Recientemente, los organismos federales en Estados Unidos, como el Servicio de Inmigración y Control de Aduanas (ICE) y la Aduana y Protección Fronteriza (CBP), han sido señalados por su comportamiento extralegal, particularmente en Minnesota. Esta situación ha suscitado preocupaciones tanto por la violencia ejercida por estos agentes como por las violaciones de derechos digitales. A pesar del derecho que tienen los ciudadanos, de acuerdo con la Primera Enmienda, a grabar a la policía en funciones, se han reportado múltiples incidentes en los que los agentes han impedido a los ciudadanos ejercer este derecho. La muerte de Alex Pretti, quien estaba grabando a los agentes de ICE cuando fue abatido, ha puesto de relieve la urgencia de la problemática, al igual que los videos que documentaron eventos similares, ofreciendo pruebas cruciales que desafían las versiones oficiales.

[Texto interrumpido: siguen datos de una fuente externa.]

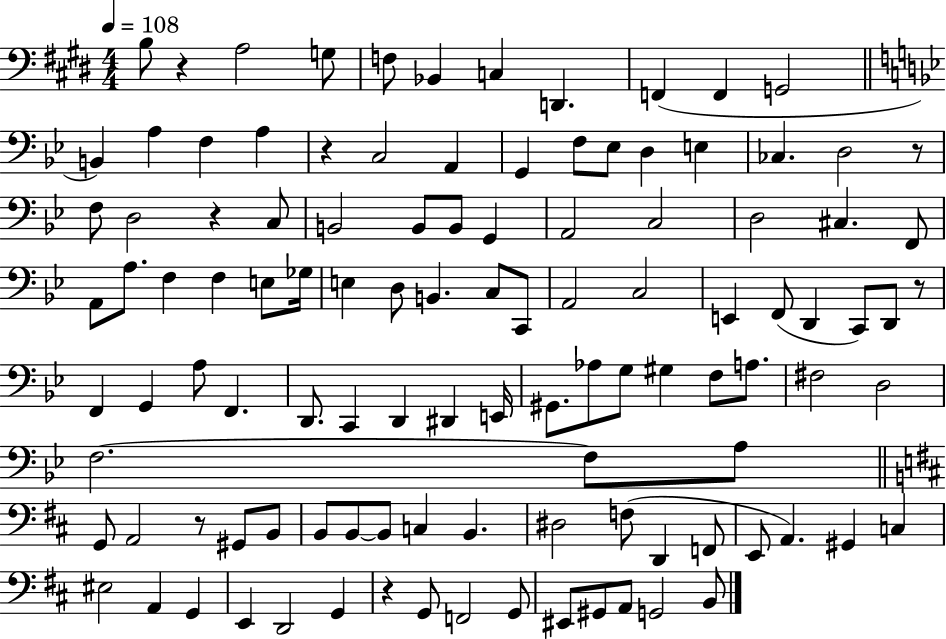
X:1
T:Untitled
M:4/4
L:1/4
K:E
B,/2 z A,2 G,/2 F,/2 _B,, C, D,, F,, F,, G,,2 B,, A, F, A, z C,2 A,, G,, F,/2 _E,/2 D, E, _C, D,2 z/2 F,/2 D,2 z C,/2 B,,2 B,,/2 B,,/2 G,, A,,2 C,2 D,2 ^C, F,,/2 A,,/2 A,/2 F, F, E,/2 _G,/4 E, D,/2 B,, C,/2 C,,/2 A,,2 C,2 E,, F,,/2 D,, C,,/2 D,,/2 z/2 F,, G,, A,/2 F,, D,,/2 C,, D,, ^D,, E,,/4 ^G,,/2 _A,/2 G,/2 ^G, F,/2 A,/2 ^F,2 D,2 F,2 F,/2 A,/2 G,,/2 A,,2 z/2 ^G,,/2 B,,/2 B,,/2 B,,/2 B,,/2 C, B,, ^D,2 F,/2 D,, F,,/2 E,,/2 A,, ^G,, C, ^E,2 A,, G,, E,, D,,2 G,, z G,,/2 F,,2 G,,/2 ^E,,/2 ^G,,/2 A,,/2 G,,2 B,,/2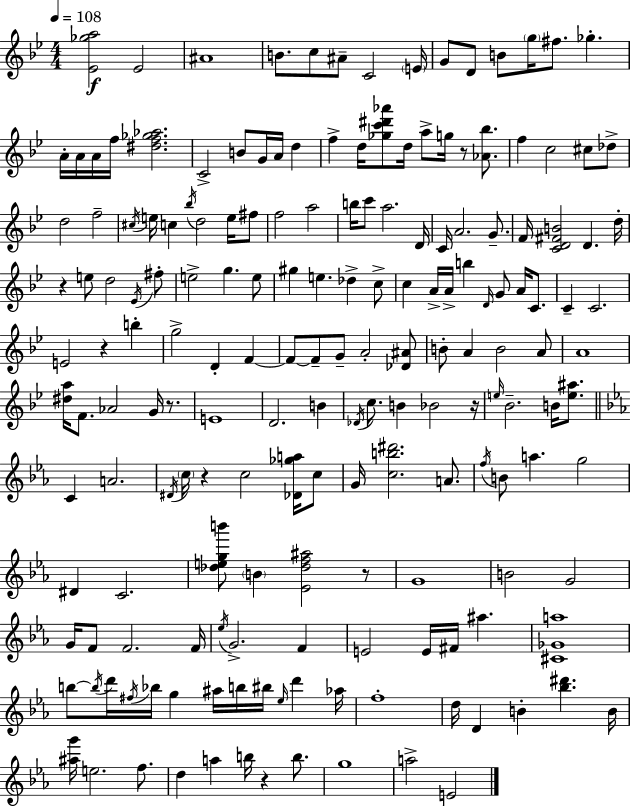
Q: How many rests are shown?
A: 8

La defensa de los derechos digitales requiere el establecimiento de un marco legal claro. Cuando un agente armado del gobierno infringe la ley, es necesario que los civiles puedan demandarlo para obtener una compensación por los daños sufridos, lo que fomentaría la rendición de cuentas y el cumplimiento de la ley por parte de estos funcionarios. Sin embargo, se ha identificado una falla significativa en el sistema legal actual: la dificultad creciente para demandar a los agentes federales que violan la Constitución de EE. UU.
A lo largo de la historia, especialmente en 1871, se creó una legislación que permitía a los ciudadanos demandar a funcionarios estatales y locales por violaciones de derechos constitucionales, en respuesta a la violencia estatal contra la población afroamericana tras la Guerra Civil. Sin embargo, actualmente no existe una legislación equivalente para los funcionarios federales. Aunque en 1971 el Tribunal Supremo abordó este vacío con el caso «Bivens v. Six Unknown FBI Agents», permitiendo demandar por daños ante violaciones de la Cuarta Enmienda, en años recientes el Tribunal ha restringido esta capacidad significativamente.
Ante este retroceso, se hace urgente la intervención legislativa. Se han propuesto nuevas leyes en varias jurisdicciones, incluida la propuesta en California conocida como S.B. 747, que busca otorgar a los ciudadanos el derecho a demandar a los funcionarios federales por violar la Constitución. Estas iniciativas estatales son vistas como medidas importantes para proteger el estado de derecho, ayudando a los ciudadanos a hacer valer sus derechos fundamentales frente a abusos federales.
El senador californiano Scott Wiener ha apodado a este proyecto de ley como la «Ley de No Reyes» para subrayar la necesidad de limitar el poder del gobierno y proteger las libertades civiles. Este tipo de legislación podría convertirse en un mecanismo eficaz para restaurar la confianza en las instituciones y asegurar que todos los ciudadanos, independientemente de su estatus, tengan acceso a la justicia. Con el apoyo de numerosas organizaciones, la implementación de medidas como la S.B. 747 se perfila como un paso crucial hacia la defensa de los derechos y la rendición de cuentas en el sistema federal.